As a mom working at an intense ad agency for the last 12 years, my relationship with my salary has been complicated. I want to make more, but I also want to be around for my children rather than pulling late hours or traveling constantly to see clients. I have three kids, ages 9, 7 and nearly 2, and I value my time with them. In fact, when I returned from my first two maternity leaves, I didn’t negotiate for a pay increase, because I didn’t want to invite scrutiny regarding my hours. I rationalized that I’d rather make less than rock my life-balance. I wanted to do good work, leave at a reasonable hour, and fly under the radar.
But eventually I discovered that I was significantly underpaid. My salary has only increased $40k since I started at the company, the result of two promotions. I’m 39, with more than 15 years of agency experience, and I’m making $125k as a strategy director. The market rate is much more, and not long ago, my boss let it slip that one of my male colleagues at the same level was making $240k. Over 100k more! I laughed out loud when I heard. I knew I was getting screwed but not to this scale! My bosses have come and gone--I’ve had five in the last 10 years--and my paycheck has stayed stuck.

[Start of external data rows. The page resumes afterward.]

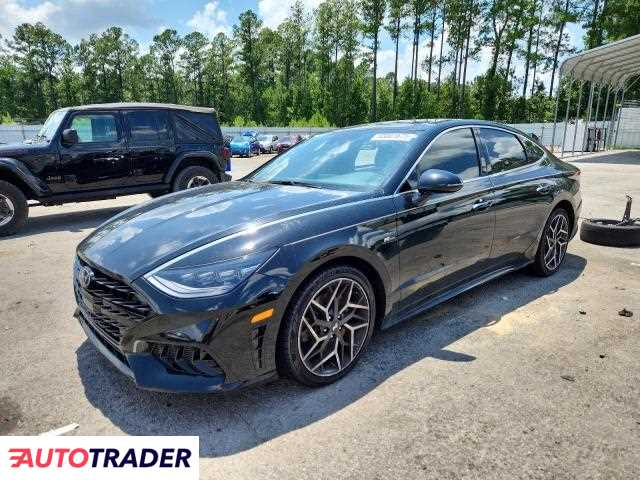 Hyundai Sonata 2023 2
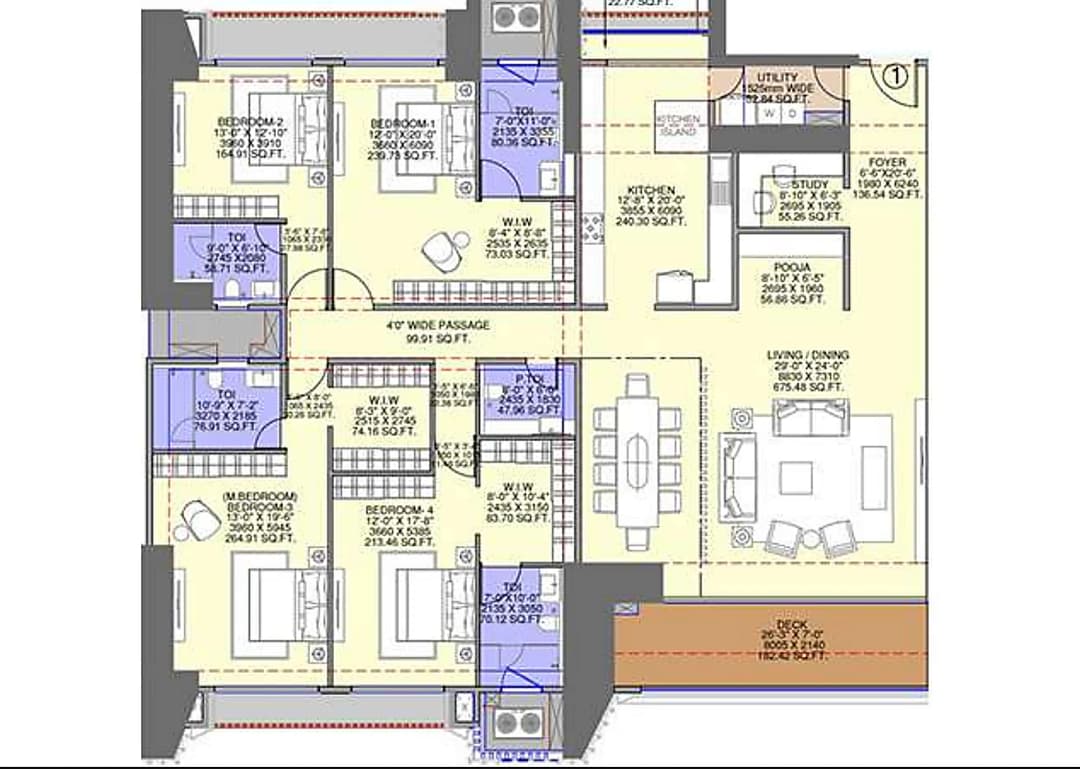 UNIT PLAN plan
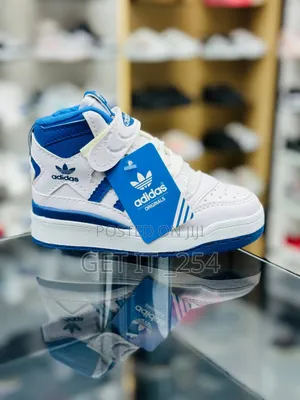 Adidas High Cut Kids 

Sizes:26-34(Assorted)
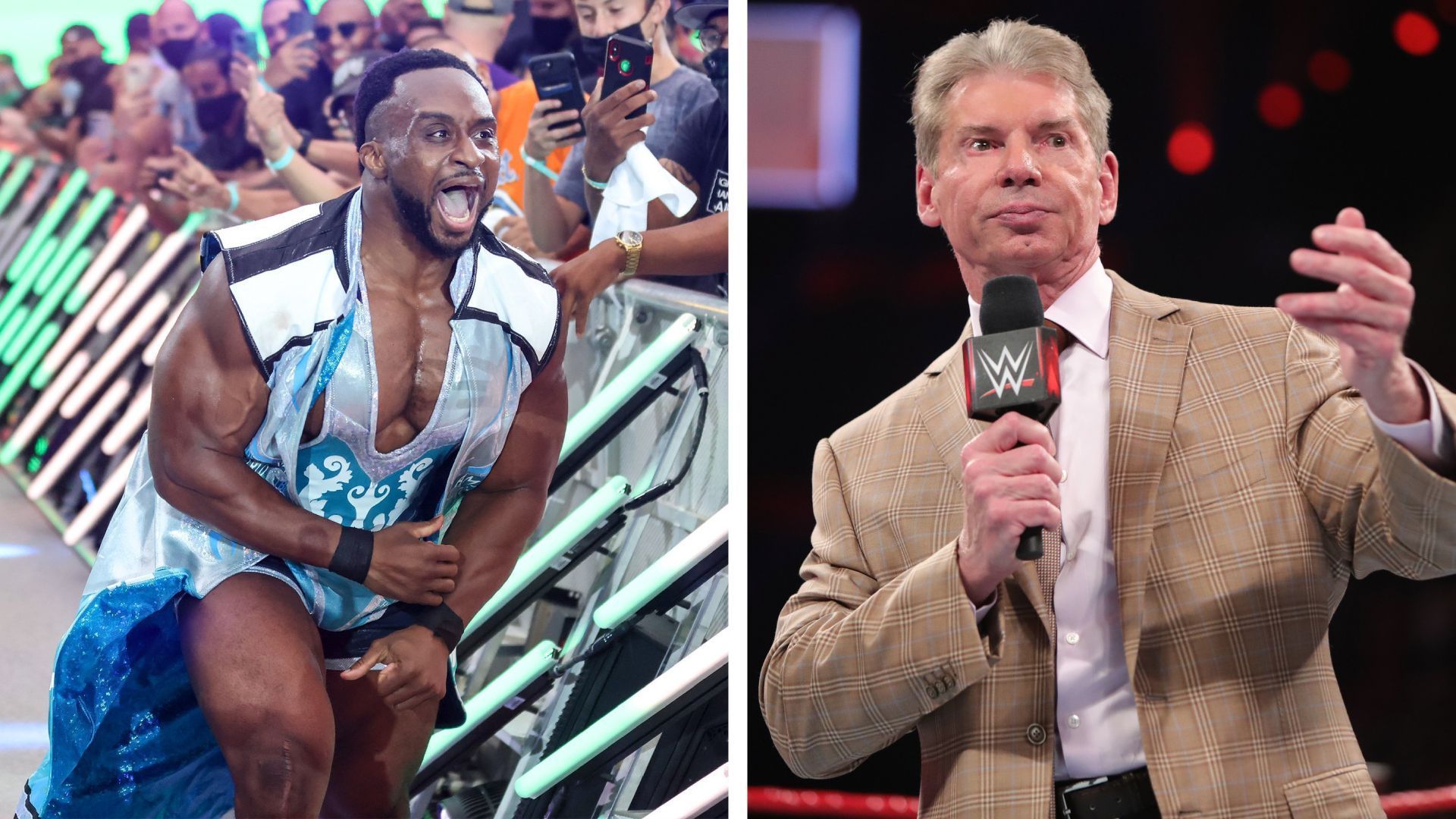 Vince McMahon and other names are no longer with WWE [Credit: WWE.com]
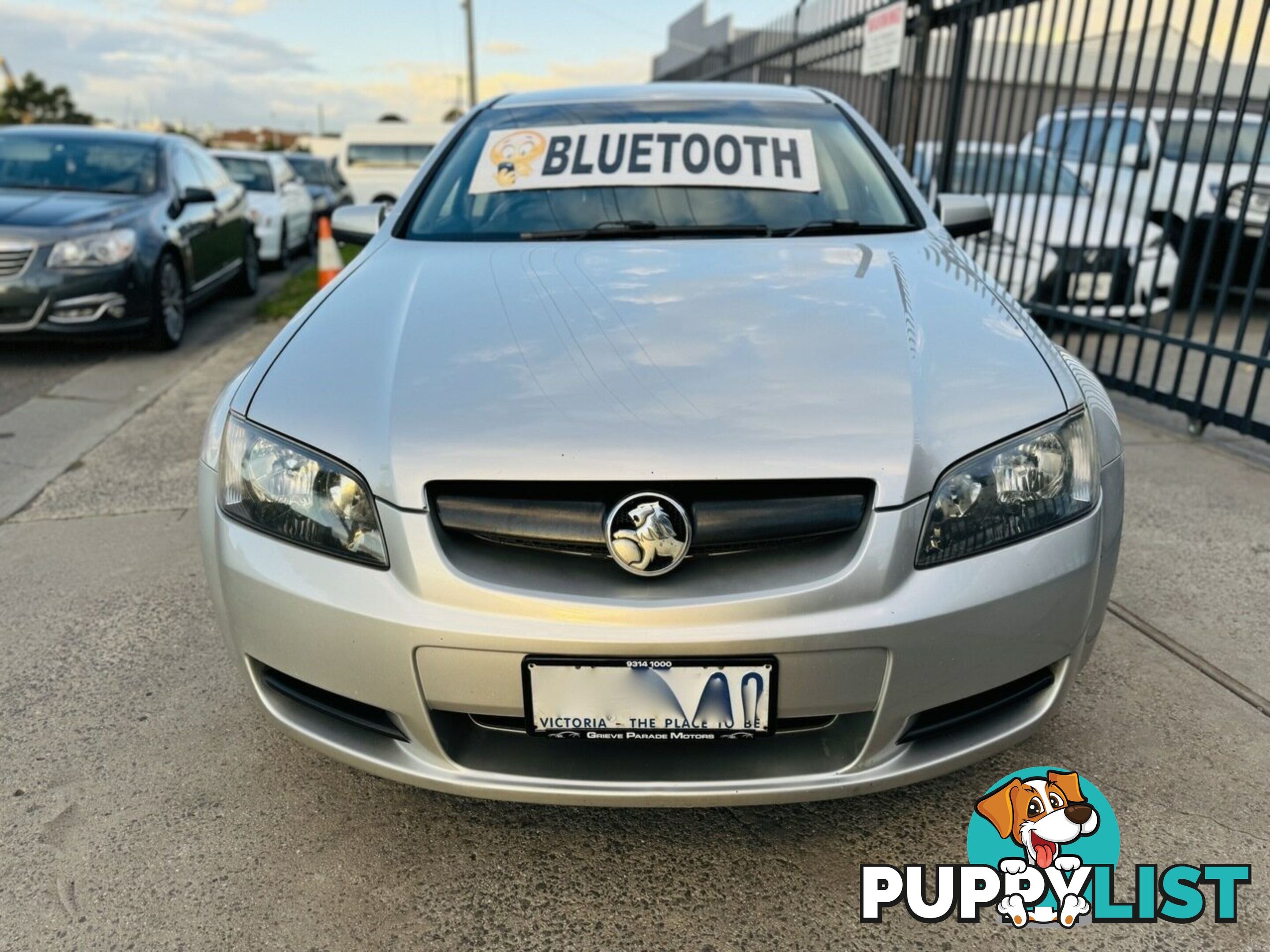 2006 Holden Commodore Omega V VE Sedan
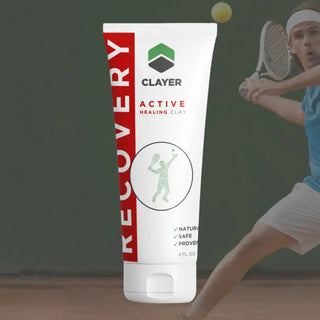 Tennis Players Recovery - Faster Recovery - 4 FL.OZ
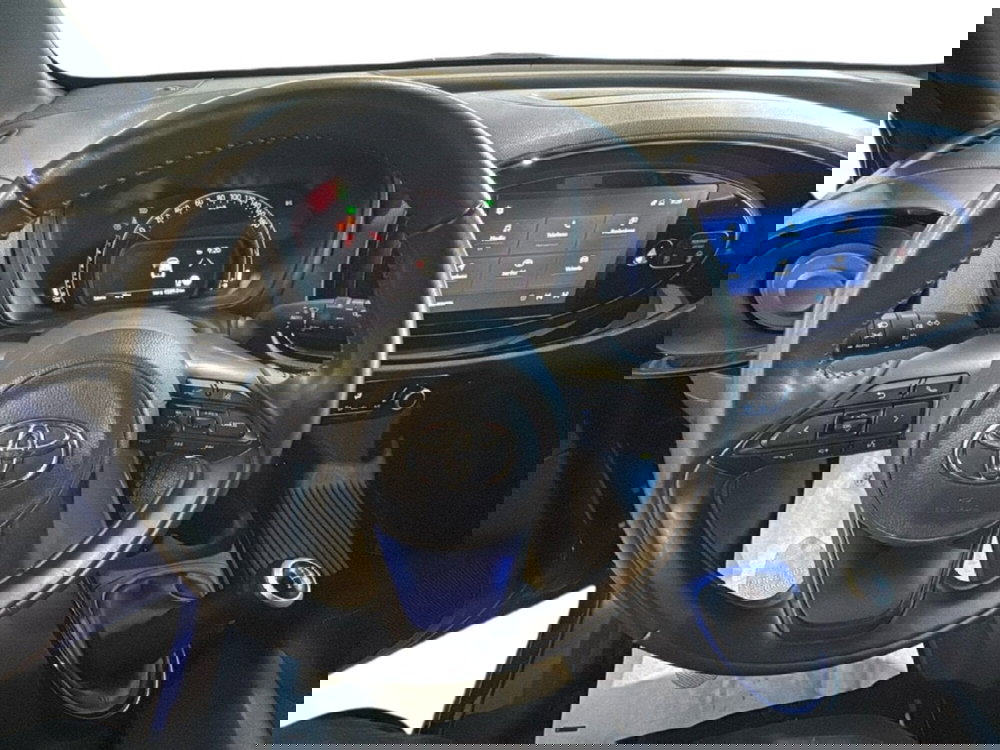 Toyota Aygo X usata a Agrigento (20)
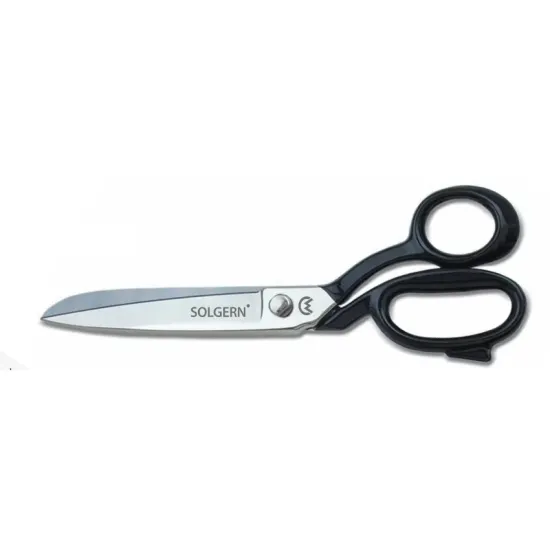 Solgern A421-12 Terzi Makası No: 12 inç / 30,48 cm - Nikel Kaplama Solgern A421-12 Terzi Makası No: 12 inç / 30,48 cm - Nikel Kaplama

Finally, when my last maternity leave was winding down, I realized, if I was going to return to work with three kids at home, I needed to make enough to pay our nanny. I told my boss flat out, I can only return if you give me a raise. This was at the end of the year, and my boss told me to talk to him in January. In the meantime, he gave me a piece of new business to work on and said if it was a success, I could potentially get a salary bump. I followed up when planned, and he told me there was no budget for an increase and took me off that piece of business.
When I was denied that increase, I did two things: I told my boss I wanted to work from home one day a week, and he agreed. I also tried--half-heartedly--to get another job. But I realized I didn’t want to throw myself into an equivalent role at another company just for the salary increase.
So, I’ve stayed in my current role and been grateful for my slightly modified schedule. Recently, we won another new piece of business, and my new boss requested I work on it with her and told me that it will help fund an eventual raise for me. I’m doing my best work for it, of course, but I’m not confident that I’ll be compensated. It’s a move in the right direction though, and in the meantime, I’m treasuring my Friday visits to the playground. Still, if I were granted a do-over of the last decade, I would have approached two things differently.
When I was given a promotion and a raise years ago, I should have pushed back on the first offer. With experience, you learn you have every right to push back. I could have said, ‘No I’m worth $150k instead $120k’ but I was afraid my bosses would retract the offer. I didn’t know what my peers were making. Now I do.
I wish I’d forgotten about “paying my dues” and instead focused on getting paid well! When you start in advertising, you think the industry doesn’t pay that much. But there’s money out there, and you need to negotiate smartly to get it. You don’t have to pay your dues, working for less than the market rate in the hopes you’ll be recognized one day. It’s vital to get your salary up before you have a family to support.
Still, I’m glad I made the case for flexible Fridays. This time with my kids has been so valuable to me while I figure out my next move.